Tengo la impresión de que la fortuna se ha divorciado irremisiblemente de esta tierra dura, curtida por una historia que ha segado tantas vidas. También que ha alumbrado muchas que estuvieron dispuestas a morir por su tierra, por esos campos anónimos que contemplo una y otra vez desde los altozanos consagrados a los castillos. Es una tierra que no se da a engaños, que deja a la luz lo que ofrece y lo que espera de quien se asienta por estos lares.

No visitaré Teresa de Cofrentes, que se encaja en el macizo del Caroig con su sucesión de muelas y barrancos. Lo contemplo desde la lejanía, como conjunto con muy buena pinta. El tiempo se echa encima y me decanto por visitar Zarra.



Admiro las casas blancas en un entorno agreste, un punto salvaje por lo aislado. Lo repaso desde una zona de recreo en que encuentro a un par de familias alemanas con niños pequeños. Si ya me pregunto yo qué hago allí, más aún se lo deben de plantear ellos. Quizá hayan hecho la ruta de senderismo de la Hoz de Zarra, de unos 12 kilómetros. Tomo nota para futuras ocasiones.
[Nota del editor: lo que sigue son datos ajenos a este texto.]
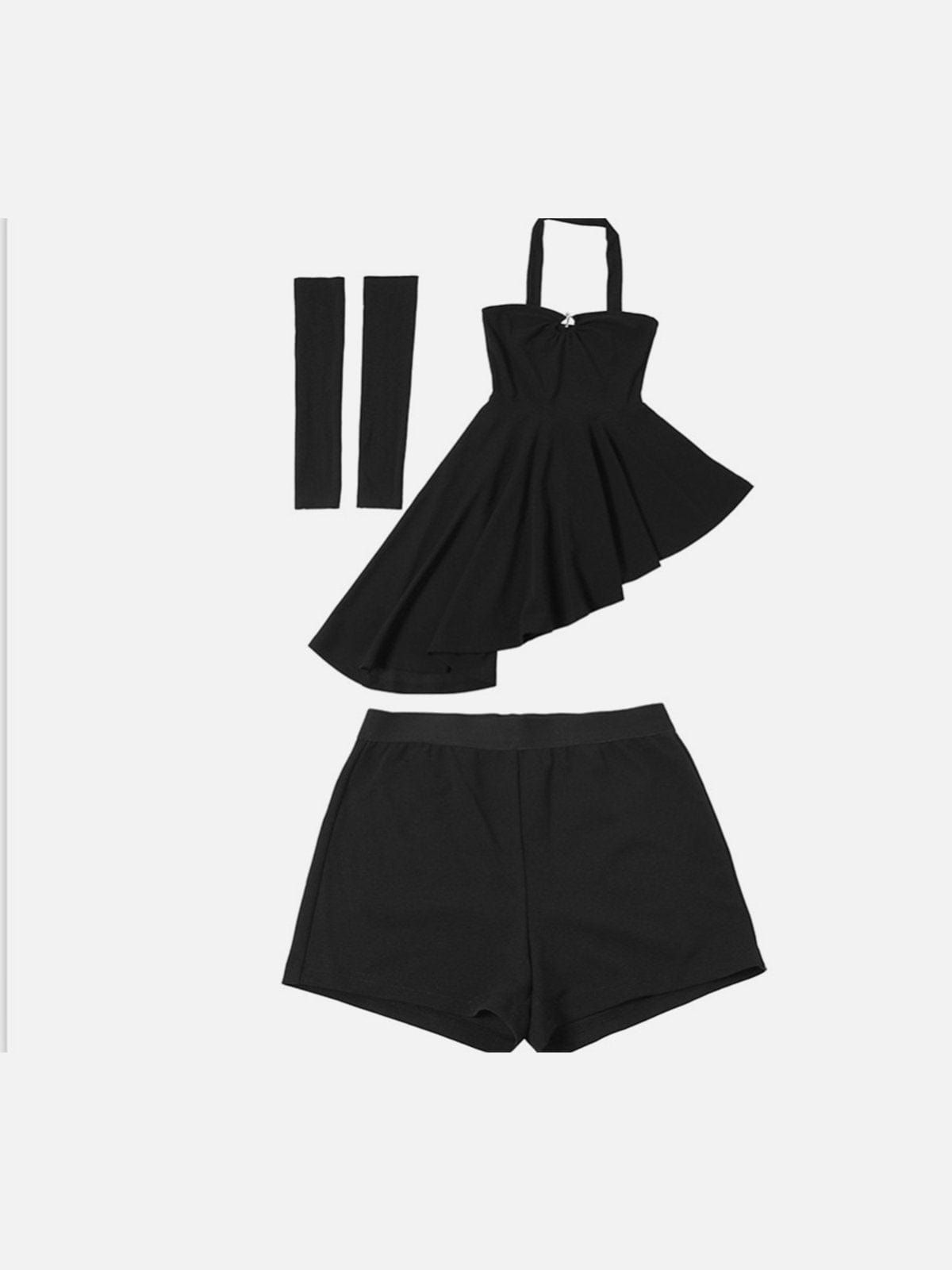 Irregular Dress sold by Yugen Theory product image thumbnail 3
No sé por qué pienso que este es un paisaje masculino. No logro identificarlo con rasgos de mujer, con pinceladas de carácter femenino. Es quizá la dureza, la sobriedad, la gama de colores que una mujer siempre encontraría aburrida, o escasamente atrevida. Los colores de la supervivencia sin excesivos placeres parecen más asociables a líneas y formas masculinas. Quizá es todo una estupidez mía o una simple forma de elucubrar y entretenerme. A lo mejor tengo que poner más la música de la radio y entretenerme de otra forma. Me encanta que la mente vagabundeé como mi cuerpo lo hace por los laberintos de las calles. A cada cual lo suyo, sin duda.